El propósito, como tantos otros en el campo de la litera­tura cristiana, resulta infructuoso; los pú­dicos dramas de Rosvita, exquisita y típica­mente medievales, no son más que una ree­laboración, bajo distinta forma, de sus pe­queños poemas hagiográficos y de las vidas de santos y actas de mártires de la tradi­ción, y la Edad Media nunca celebró con en­tusiasmo a su Terencio cristiano. Y si el poeta pagano no vio nunca menguar el éxi­to enorme de sus comedias, la obra de la humilde monja sólo llegó hasta nosotros a través de un único manuscrito, transmiti­do sin duda por la diligencia de Gerberga. El siglo XII, el siglo de la «comedia elegia­ca», nos ha legado en un Pasional de Alderspach, entre otras vidas de santos, una de estas composiciones, el Galicano, distri­buida por primera vez en escenas, tal como pudo quizá ser representada.

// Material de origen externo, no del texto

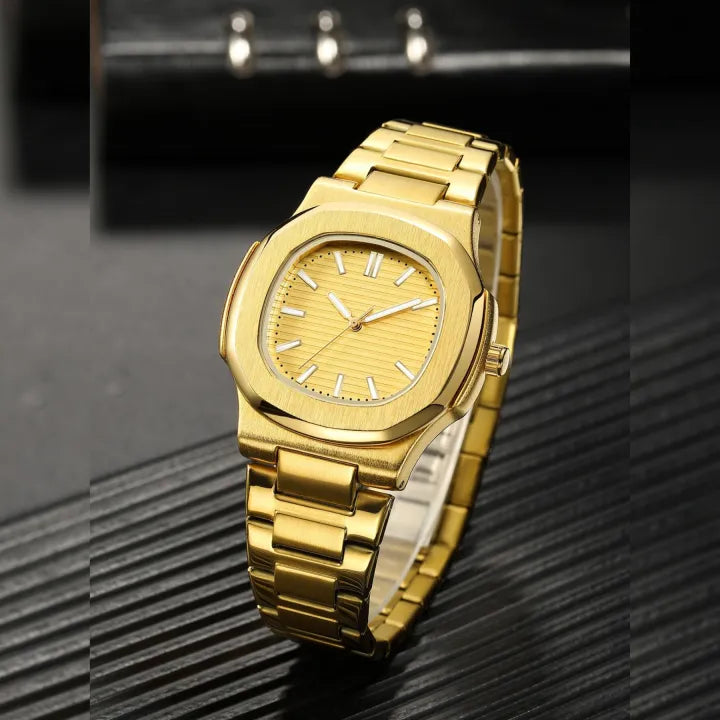 Classy Watch for Men Stainless Steel Chain Waterproof Quartz Watch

Pero se trata de un testimonio aislado, nada decisivo, como arbitrarias son las divisiones en esce­nas de las ediciones modernas.

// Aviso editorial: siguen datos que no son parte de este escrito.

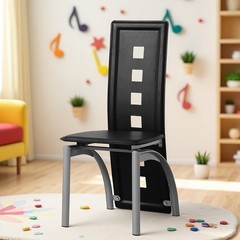 4pcs Dining Chairs – High Back Square Cutout Design, Chrome Legs & PU Leather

Nadie puede afirmar que la pequeña comunidad misma del convento de Gandershein se haya senti­do jamás conmovida ante una solemne re­presentación de alguno de los dramas de su ilustre hija; la cual sólo quiso ofrecer a los amantes de Terencio una lectura más pura, pero no sustituir un espectáculo inmoral por otro moral. Muy poca es la ori­ginalidad de estos dramas, enteramente de­pendientes, en cuanto a su contenido, de las antiguas fuentes cristianas de los peque­ños poemas; exiguo su arte (pese al evi­dente esfuerzo por adornarse con las galas terencianas) en el siglo del Walthario (v.) y de la Fuga del prisionero (v.); estridente la presencia de conocidas y aburridas alu­siones escolásticas, de la típica escuela me­dieval, tales como doctas y extrañas disqui­siciones, clasificaciones lógicas, vacuas co­nexiones, «hilos y vedijas» que la cándida Religiosa cree «haber arrancado a tirones de la veste de la Filosofía». Pero si tal es la obra, no lo es el alma de Rosvita, la ínti­ma musa de sus dramas.

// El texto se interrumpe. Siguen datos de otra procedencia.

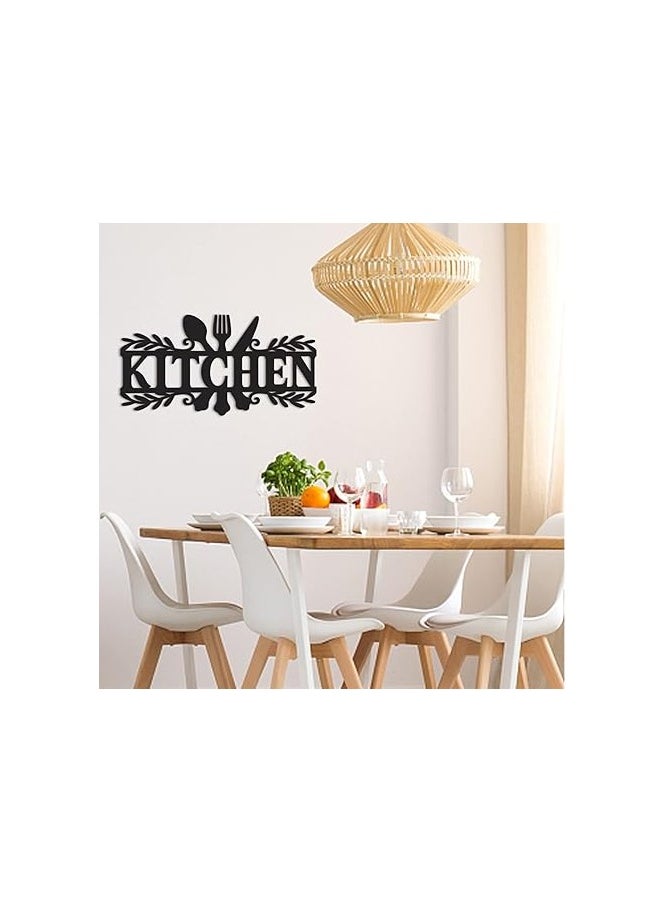 MIRFA Wooden Wall Art With Self Adhesive Base - Black (Kitchen)  - Image 5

Esa incolora uni­formidad de personajes y lugares, esa falta absoluta de personalidad y de contraste, su modo de igualar, en cierto sentido, lo virginal con lo lujurioso, poniendo en un mismo plano un palacio o un prostíbulo, y reduciéndolo todo a una súbita interven­ción del elemento milagroso, no es más que el reflejo de un corazón lilial, de unos ojos puros, que desde un apacible oasis en medio del desierto de la vida no sabe cantar más que el triunfo del bien, el poder de la cas­tidad, «la victoria de la fragilidad femenina sobre la brutalidad de la fuerza viril». Por esto «las ficciones» de Terencio sólo pudie­ron despertar en la inmaculada lectora un «pudibundo rubor», y por esto la pasión de Dulcicio sólo puede promover en nosotros una sonrisa. Trad. italiana de S. Dolenz (Roma, 1926).